In this context, it’s important to draw attention to outrageous differences between what leading Brexiteers said before and since the EU referendum. For instance, let’s take a look at Owen Paterson. You’ll remember he was the former Environment Secretary who forced-through a badger cull in Somerset that experts predicted would fail, and, yet, in 2013, when the cull failed, went on TV to blame the badgers, infamously saying “the badgers moved the goalposts” – hard to believe but true.
So, what has Owen Paterson been saying about Brexit?

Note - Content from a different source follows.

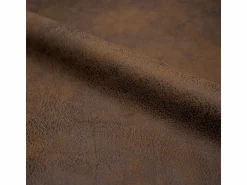 Rendez-Vous Déco Sofá de 2 plazas de microfibra marrón - Club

• In 2014, “We should negotiate a new settlement while keeping our vital position in the Single Market”;
• Again in 2014, “The only realistic option is to stay within the EEA. The EEA is tailor-made for this purpose, and can be accessed by joining EFTA first”;
• In 2016, during the Referendum campaign, “Only a mad man would leave the Single Market”; but
• In contrast, a week ago, the Norway option would be rubbish and “EFTA and/or the EEA or an EFTA-type arrangement would not be Brexit at all.”
How can arch-Brexiteers, like Paterson, be allowed by our mainstream press and media to get away with this level of duplicity and deception without being exposed to public ridicule?
With politicians like this at the helm of Brexit, perhaps we’d all be better governed by the badgers. At least they’d address the very real problems facing the UK today, like our scandalous housing crisis, critical underfunding of healthcare, social care, policing and other public services, the adverse impact of uncontrolled, under-resourced migration locally, the North-South divide, etc, and also start building a fairer, more just, more equitable society in the UK.
The answer is simple: give voters the facts about the final terms of Brexit and let them decide if this is what they want. Who could possibly object?